■ Data for review
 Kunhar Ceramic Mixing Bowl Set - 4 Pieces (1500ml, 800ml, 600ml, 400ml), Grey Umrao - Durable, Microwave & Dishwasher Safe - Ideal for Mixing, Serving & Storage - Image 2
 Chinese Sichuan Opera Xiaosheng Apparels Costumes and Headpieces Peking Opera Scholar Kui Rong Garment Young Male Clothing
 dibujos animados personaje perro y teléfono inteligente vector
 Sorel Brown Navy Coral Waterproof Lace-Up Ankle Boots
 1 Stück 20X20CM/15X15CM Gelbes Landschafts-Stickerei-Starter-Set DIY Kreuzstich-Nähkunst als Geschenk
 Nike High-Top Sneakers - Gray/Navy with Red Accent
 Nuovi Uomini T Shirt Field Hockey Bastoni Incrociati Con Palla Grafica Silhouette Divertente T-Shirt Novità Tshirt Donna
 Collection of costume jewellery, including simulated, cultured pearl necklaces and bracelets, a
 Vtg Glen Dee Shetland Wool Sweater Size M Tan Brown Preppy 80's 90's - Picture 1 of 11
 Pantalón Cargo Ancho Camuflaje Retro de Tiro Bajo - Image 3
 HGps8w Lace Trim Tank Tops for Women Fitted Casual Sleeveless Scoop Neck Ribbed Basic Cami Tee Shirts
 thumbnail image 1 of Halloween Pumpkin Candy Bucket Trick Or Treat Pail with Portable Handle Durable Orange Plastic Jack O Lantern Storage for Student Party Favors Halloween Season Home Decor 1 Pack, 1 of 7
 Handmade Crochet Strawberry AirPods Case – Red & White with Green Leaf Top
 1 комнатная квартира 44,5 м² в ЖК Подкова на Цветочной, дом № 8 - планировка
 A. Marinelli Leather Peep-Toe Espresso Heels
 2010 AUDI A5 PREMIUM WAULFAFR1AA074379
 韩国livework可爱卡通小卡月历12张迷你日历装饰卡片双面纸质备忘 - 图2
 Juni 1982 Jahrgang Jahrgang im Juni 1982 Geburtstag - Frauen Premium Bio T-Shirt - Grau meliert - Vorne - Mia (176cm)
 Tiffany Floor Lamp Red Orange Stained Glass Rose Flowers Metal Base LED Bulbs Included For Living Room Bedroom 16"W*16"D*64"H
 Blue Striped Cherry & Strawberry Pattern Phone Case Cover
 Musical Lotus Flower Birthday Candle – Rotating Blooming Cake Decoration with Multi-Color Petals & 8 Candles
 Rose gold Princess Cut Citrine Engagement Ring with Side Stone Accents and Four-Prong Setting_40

■ Required action
Which lines of the data hold the string "Brown"? Return each of them.

■ Solved exercise
 Sorel Brown Navy Coral Waterproof Lace-Up Ankle Boots
 Vtg Glen Dee Shetland Wool Sweater Size M Tan Brown Preppy 80's 90's - Picture 1 of 11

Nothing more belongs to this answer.